Castellani: Business Roundtable believes the United States has the best corporate governance, financial reporting and securities markets in the world. These systems work because public corporations have adopted best practices within a framework of laws and regulations. While there have been exceptions to the overall record of success, generally these systems have worked very well.

Following the collapse of Enron, Business Roundtable undertook an expedited review of its 1997 Statement on Corporate Governance —at the time its most recent statement on the subject—and released Principles of Corporate Governance in May 2002. The principles document makes specific recommendations designed to guide the continual advancement of corporate governance practices and enhance the ability of U.S. public companies to compete, create jobs and generate economic growth.

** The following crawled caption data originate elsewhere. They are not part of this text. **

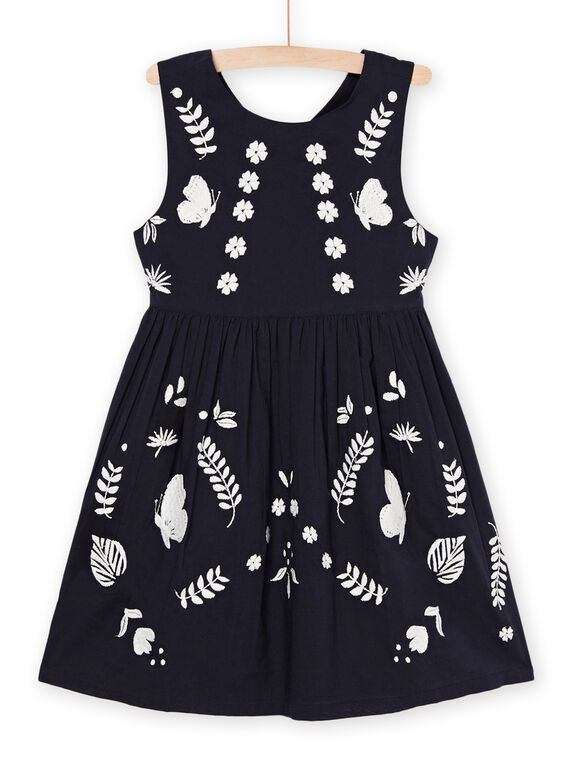 Vestido preto bordado 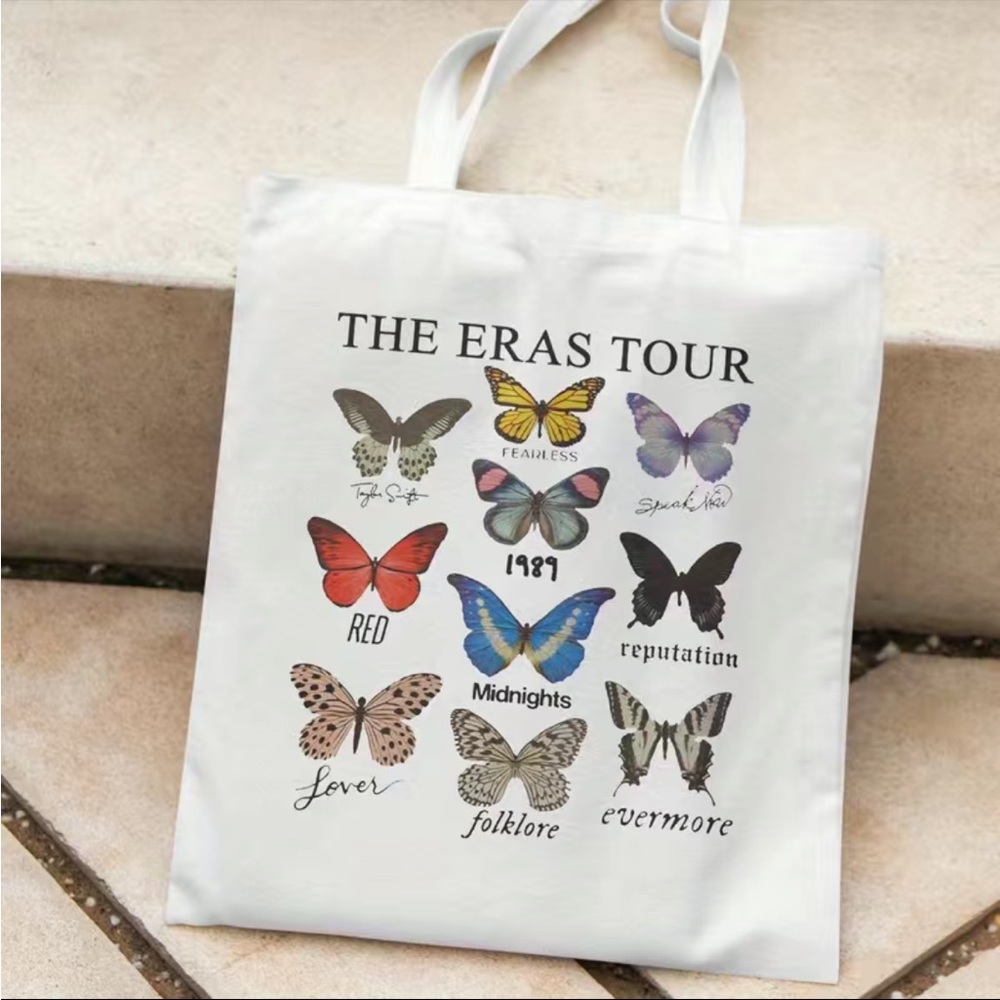 COPY - Taylor, Swift, graphic tote. Butterfly 1989🦋
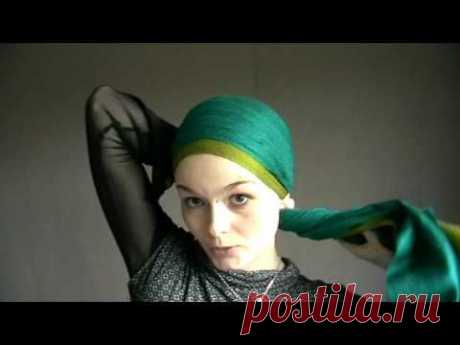 Foulard chignon en spirale 2 couleurs.mpg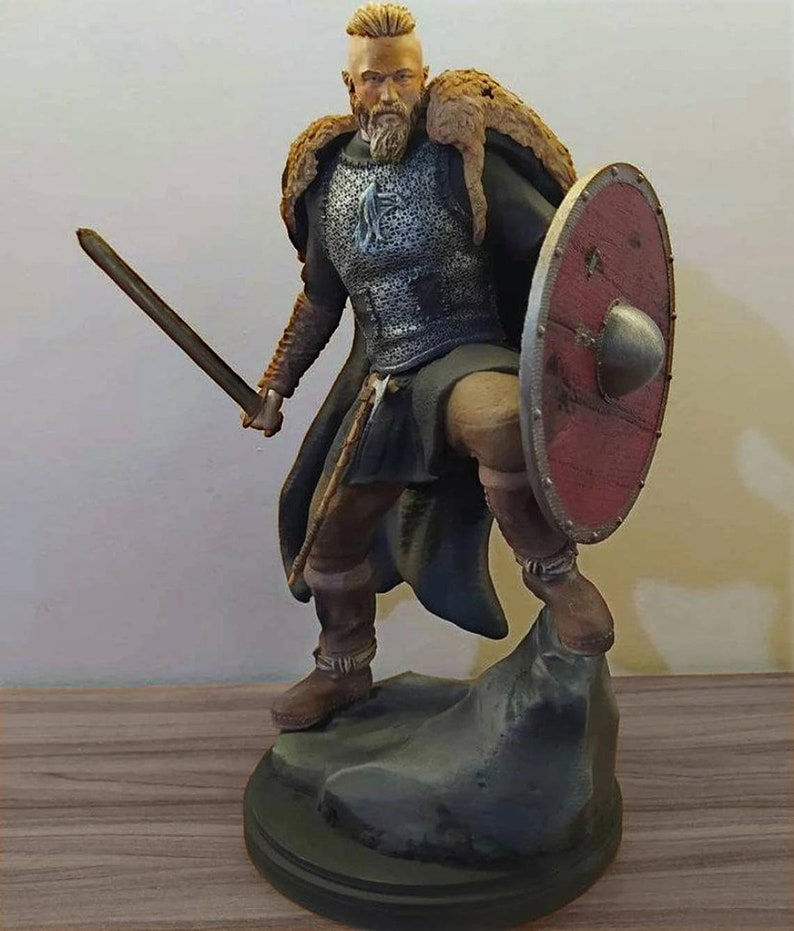Küçük resim: Viking Ragnar Lothbrok Figür Viking Ragnar Obje 25CM Büyük Boy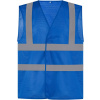 YOKO HI-VIS HVW120 / Sieťovaná bezpečnostná vesta - royal blue M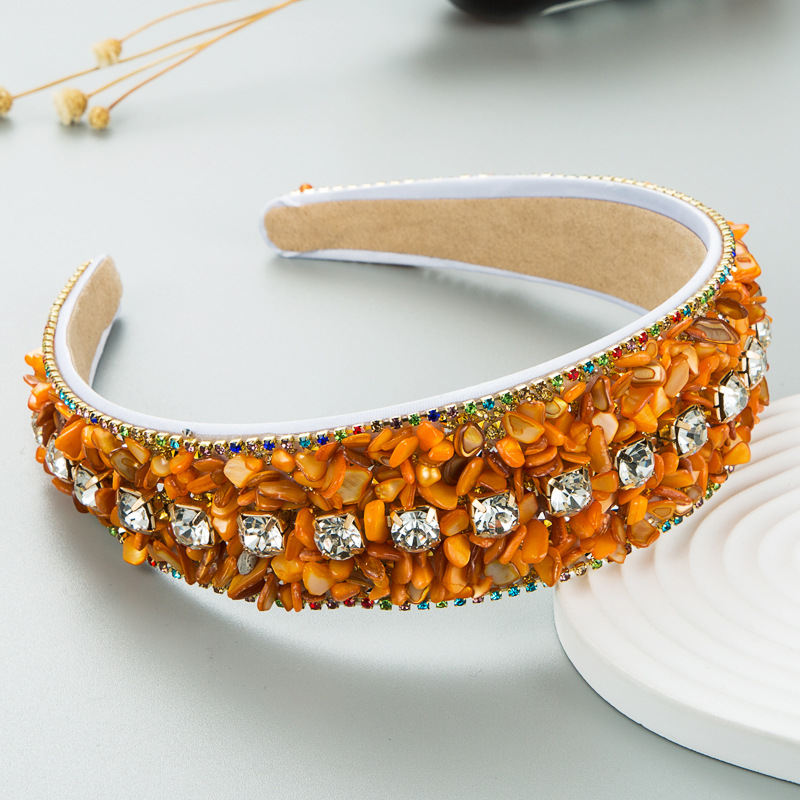Fashion Headband Baroque Hair Hoop Colored Turquoise Head Bands FG1014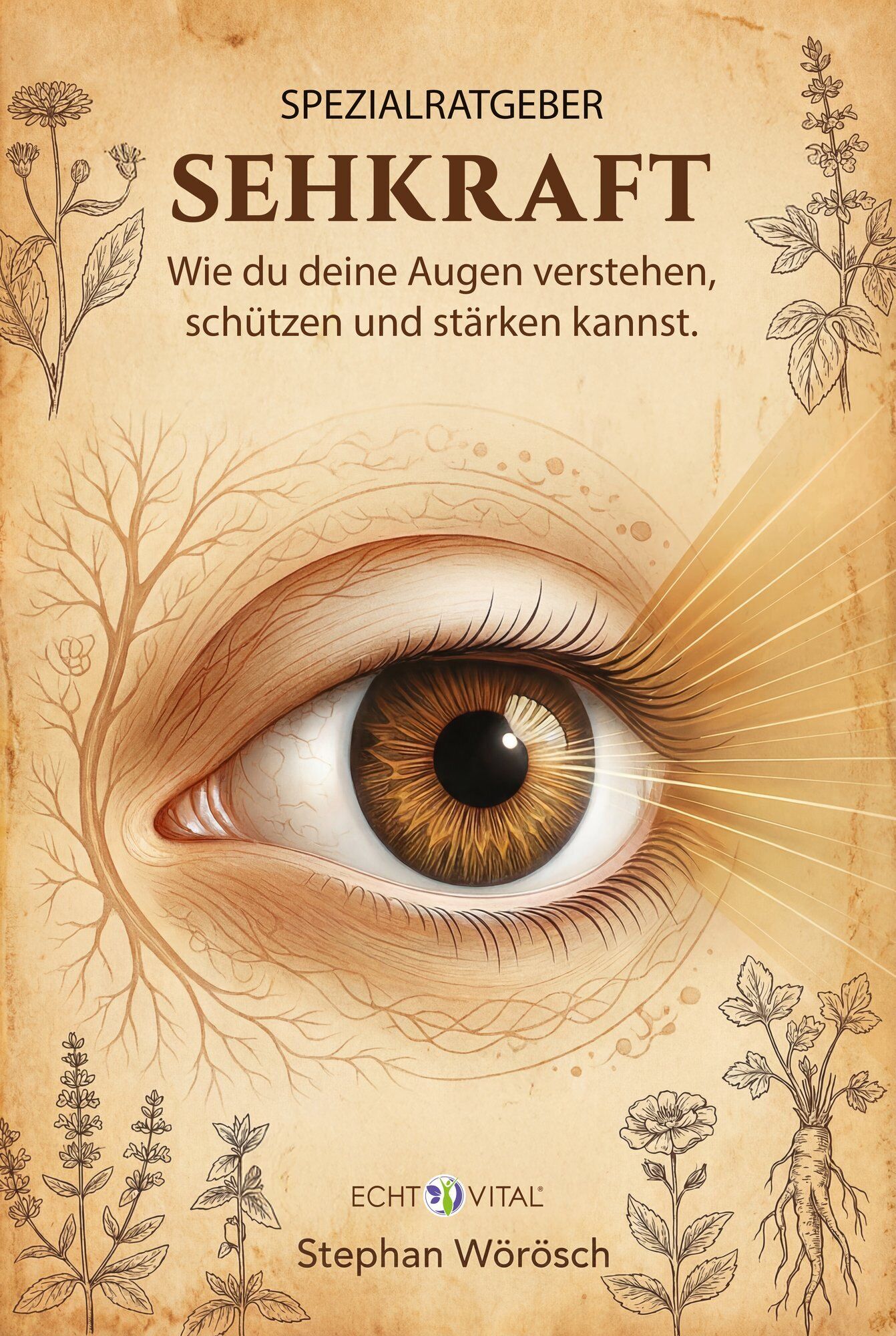 Auge, Illustration, Pflanzen, Buchcover, Cover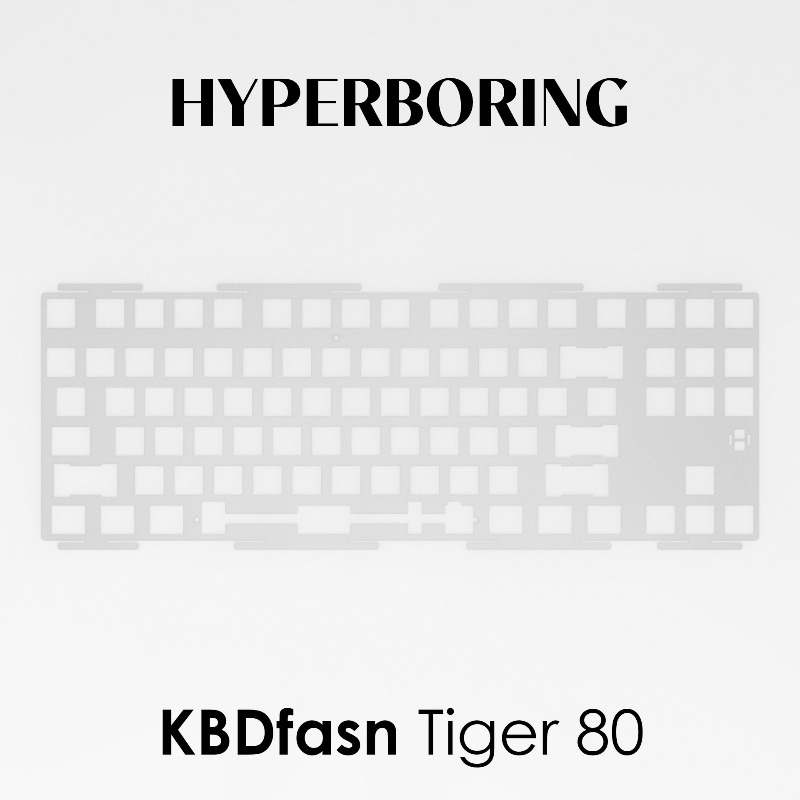 Tech Gaming Accessories - HYPERBORING Tiger80 키보드 포지셔닝 보드 커스터마이징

In November 2003 as part of its ongoing commitment to strengthening best practices in corporate governance, the association published Executive Compensation: Principles and Commentary , which addresses the design, implementation and oversight of executive compensation programs at publicly held corporations. In April 2004 it issued The Nominating Process and Corporate Governance Committees: Principles and Commentary, which offers guidance to public companies on empowering independent governance committees to oversee director nominations, board operations and corporate governance issues. Both of these build and expand on the foundation laid in the 2002 principles document.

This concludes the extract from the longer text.